For many investors, BT has long been a dividend stalwart. The company paid a modestly increased dividend this year (up 2% to 8.16p a share) for the year to 31 March. Now at 4.5%, the yield certainly appeals to those seeking income.

Yet history shows that BT’s payouts haven’t always been dependable; cuts in past years dented its income credibility. With the firm funnelling cash into nationwide infrastructure alongside its promise of £900m in annualised cost savings, the risk is whether that dividend remains sustainable if conditions worsen.

The financial picture

BT’s performance in FY25 paints a mixed picture. The telecoms giant reported roughly £20bn in revenue, with only £1bn in earnings — translating to a slender 5% net margin. Debt remains hefty at around £23.3bn, while free cash flow sits close to £1.2bn.

That still covers its dividend obligations, which consume about three-quarters of earnings, but it leaves limited room for error. Analysts at New Street Research see the tightened broadband market as an emerging threat, with fixed-line demand declining due to alternatives like Fixed Wireless Access (FWA) and mobile tethering.

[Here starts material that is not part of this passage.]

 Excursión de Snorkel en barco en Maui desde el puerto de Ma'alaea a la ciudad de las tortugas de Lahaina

If this trend accelerates, BT’s high-spend 5G and fibre rollout may struggle to generate proportional returns.

Too risky for my taste

With a price-to-earnings (P/E) ratio near 20, BT’s shares hardly scream bargain. Combine that with a heavy debt burden, narrowing broadband demand and reminders of its dividend volatility – yup, it’s easy to understand my wariness.

While BT’s 5G ambitions are commendable, I think the stock already reflects much of that optimism. Until the company shows progress in trimming debt and generating stronger free cash flow, it’s hard to get too excited. 

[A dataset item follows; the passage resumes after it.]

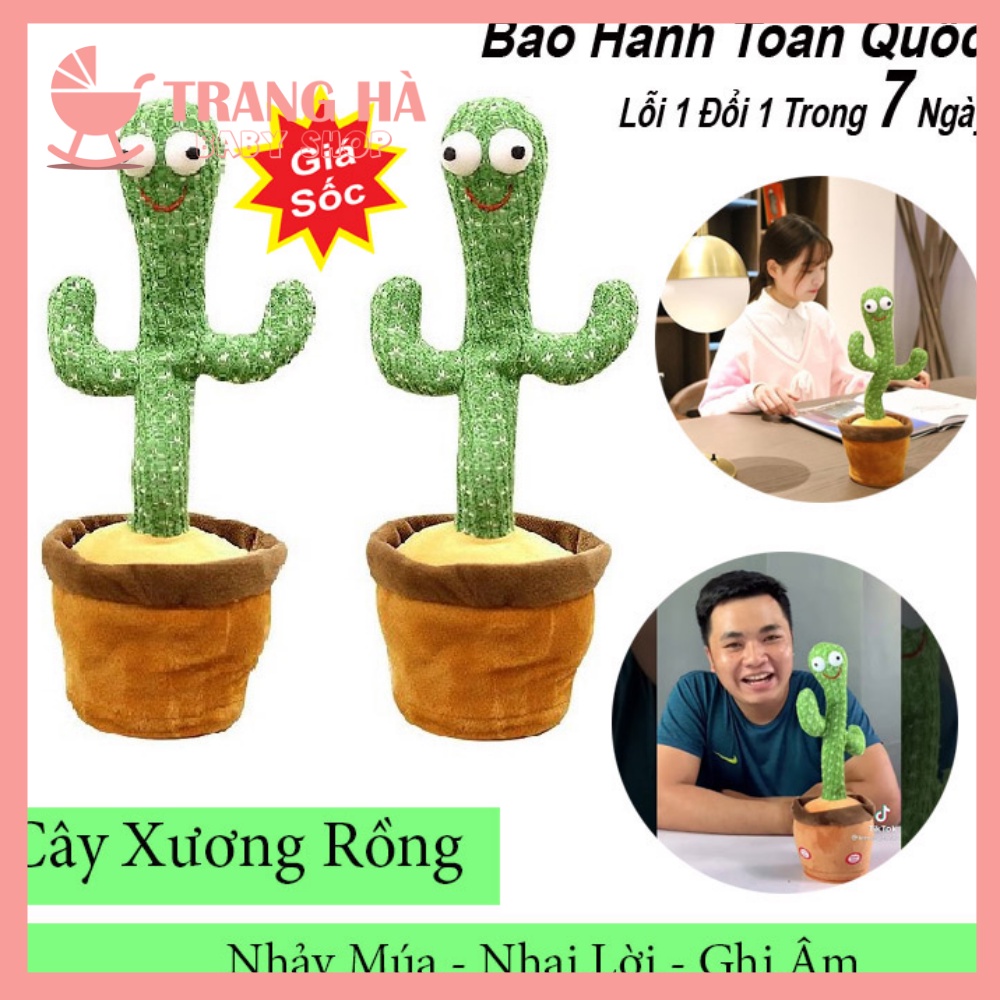 Cây Xương Rồng Nhảy Múa Sạc Điện USB, Nhại Giọng Nói, Hát 120 Bài Nhạc Vui NHộn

For me, it’s certainly one to watch — but I won’t consider it for my portfolio just yet.

Citigroup is an advertising partner of Motley Fool Money. Mark Hartley has no position in any of the shares mentioned. The Motley Fool UK has no position in any of the shares mentioned. Views expressed on the companies mentioned in this article are those of the writer and therefore may differ from the official recommendations we make in our subscription services such as Share Advisor, Hidden Winners and Pro. Here at The Motley Fool we believe that considering a diverse range of insights makes us better investors.

More on Investing Articles

Man writing 'now' having crossed out 'later', 'tomorrow' and 'next week'
Investing Articles

The best time to buy stocks? It might be right now

Short-term issues that delay long-term trends create opportunities to buy stocks. And that could be happening right now with a…

Read more »

Queen Street, one of Cardiff's main shopping streets, busy with Saturday shoppers.
Investing Articles

Here’s why Next stock rose 5% and topped the FTSE 100 today

Next was the leading FTSE 100 stock today, rising 5%. Our writer takes a look at why and asks if…

Read more »

Renewable energies concept collage
Investing Articles

Up 458% in a year, could the Ceres Power share price go even higher?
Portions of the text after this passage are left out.